Start of PROVIDED DATA

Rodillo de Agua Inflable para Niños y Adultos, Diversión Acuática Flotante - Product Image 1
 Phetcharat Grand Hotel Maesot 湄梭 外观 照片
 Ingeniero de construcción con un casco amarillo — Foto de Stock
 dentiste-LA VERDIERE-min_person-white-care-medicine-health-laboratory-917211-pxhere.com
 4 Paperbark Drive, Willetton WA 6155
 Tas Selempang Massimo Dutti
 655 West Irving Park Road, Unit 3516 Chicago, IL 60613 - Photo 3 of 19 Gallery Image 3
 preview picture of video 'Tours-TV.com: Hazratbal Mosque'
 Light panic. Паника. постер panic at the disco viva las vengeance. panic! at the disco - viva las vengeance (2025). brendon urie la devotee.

End of PROVIDED DATA

- **WORK TO BE COMPLETED**:
Repeat the material above exactly, beginning with its first line and ending with the line that holds "Tas Selempang Massimo Dutti", and leave out everything else.

- **WRITTEN SOLUTION**:
Rodillo de Agua Inflable para Niños y Adultos, Diversión Acuática Flotante - Product Image 1
 Phetcharat Grand Hotel Maesot 湄梭 外观 照片
 Ingeniero de construcción con un casco amarillo — Foto de Stock
 dentiste-LA VERDIERE-min_person-white-care-medicine-health-laboratory-917211-pxhere.com
 4 Paperbark Drive, Willetton WA 6155
 Tas Selempang Massimo Dutti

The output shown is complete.